- A dictionary of medical eponyms

Antonio Scarpa

Born  1752
Died  1832

Related eponyms

Italian anatomist and surgeon, born May 9, 1752, Lorenzaga di Motta di Livenza, province of Treviso (im Venezianischen); died October 31, 1832, Pavia.

Biography of Antonio Scarpa

This is mainly based on a biography of Antonia Scarpa submitted by Fausto Labruto:

Antonio Scarpa was born on May 9, 1752 in Lorenzaga di Motta di Livenza, a small village in the province of Treviso, which was then under Venice. He began his medical studies at Padua while still only fourteen years of age. Among his teachers at Padua were Giovanni Battista Morgagni (1682-1771) and Marc'Antonio Caldani (1725-1813) He obtained his doctorate under Morgagni at Padua on May 19, 1770, aged 18.

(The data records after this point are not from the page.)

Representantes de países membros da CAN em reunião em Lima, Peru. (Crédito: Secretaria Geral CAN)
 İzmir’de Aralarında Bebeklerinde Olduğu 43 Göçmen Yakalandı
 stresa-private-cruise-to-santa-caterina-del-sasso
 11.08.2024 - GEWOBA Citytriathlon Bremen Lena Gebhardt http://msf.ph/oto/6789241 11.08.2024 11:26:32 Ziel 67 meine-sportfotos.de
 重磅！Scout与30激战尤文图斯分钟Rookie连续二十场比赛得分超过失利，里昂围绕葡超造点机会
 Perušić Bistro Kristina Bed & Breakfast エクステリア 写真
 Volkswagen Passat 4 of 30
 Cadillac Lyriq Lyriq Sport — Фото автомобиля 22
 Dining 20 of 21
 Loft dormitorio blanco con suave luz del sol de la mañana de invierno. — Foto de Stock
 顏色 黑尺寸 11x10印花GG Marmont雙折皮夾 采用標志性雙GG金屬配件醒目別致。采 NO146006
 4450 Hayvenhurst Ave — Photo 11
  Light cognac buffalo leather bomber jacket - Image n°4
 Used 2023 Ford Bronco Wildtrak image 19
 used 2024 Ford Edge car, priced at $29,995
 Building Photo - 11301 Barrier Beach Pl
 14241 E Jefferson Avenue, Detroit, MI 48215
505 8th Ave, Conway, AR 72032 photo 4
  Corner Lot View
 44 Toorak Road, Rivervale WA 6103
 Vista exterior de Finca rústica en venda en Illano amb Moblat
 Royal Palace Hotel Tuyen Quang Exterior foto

Due to his written work, elegantly written in Latin and Italian, he was offered a professorship of anatomy and theoretical surgery at the University of Modena already two years later, in 1772.

In 1783, the surgeon Giovanni Alessandro Brambilla (1728-1800) pushed the court of Vienna, which royal family ruled at that time over part of northern Italy, to appoint Antonio Scarpa as professor of human anatomy at the University of Pavia. Here he received the necessary means from the Austrian government to build a school of anatomy with an anatomical theatre which was exceptional for its time.

In 1787 Scarpa was also appointed director of the surgical clinic. He held both chairs until 1804, when he stepped down to let Santo Fattori (died 1815), one of his students, succeed him in the chair of anatomy. At the same time, he let Tommaso Volpi (1761-1822) take over the teaching of surgery. In 1817 the chair of anatomy was to be assumed by another of Scarpa’s students and friends, Bartolomeo Panizza (1785-1867).

In 1805 Napoleon Bonaparte (1769-1821) himself invited Scarpa to return to the teaching of Surgery. Scarpa received from Napoleon as a present a precious box of silver and ivory surgical instruments. In 1813 he eventually resigned from the teaching of surgery. For many more years he was dean of the faculty and director of medical studies and the anatomical laboratories.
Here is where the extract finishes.